Chinese-American tribologist

Qian Jane Wang is an American professor of mechanical engineering and the Executive Director for the Center for Surface Engineering and Tribology at Northwestern University. She is a tribologist whose research includes work on contact mechanics, lubrication, micromechanics, and solid-state batteries.

==Education==
Wang studied mechanical engineering at the Xi'an University of Technology, graduating in 1982. She went to Northern Illinois University for graduate study in mechanical engineering, and earned a master's degree there in 1989. She completed her Ph.D. in 1993 at Northwestern University. Her doctoral advisor was Herbert S. Cheng.

==Research==
Wang's group has developed theories, models, and methods for understanding and simulation of tribological interfaces and for industrial research and development. The scope of the work includes novel design of tribological surfaces, establishment of unified computational methodologies with a focus on efficient computing, establishment of accurate modeling of transient and steady state tribological responses in polymers, and pioneering methods for the tribological response of materials under strain.

==Recognition==
Wang was named a Fellow of the Society of Tribologists and Lubrication Engineers (STLE) in 2007, and an ASME Fellow in 2009. She won the Ralph R. Teetor Educational Award in 2000
and in 2015 the STLE awarded her the STLE International Award, which is considered their highest technical award.
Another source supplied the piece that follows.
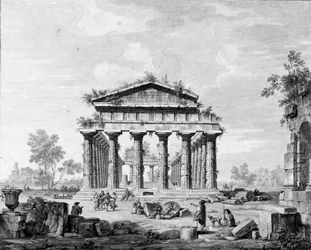 O templo de Juno em Paestum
She has also won numerous best-paper awards, and her research publications have been cited more than 12,000 times as of September 2022.

==Professional service==
Wang's service with STLE includes Chief Editor for the Encyclopedia of Tribology, Chair, 2011-2012, STLE Fellows Committee, Chair, 2011 ASME/STLE International Joint Tribology Conference, and Chair, 2008 STLE Annual Meeting Program Committee.

Wang worked with fellow engineer at Northwestern Yip-Wah Chung to edit the Encyclopedia of Tribology.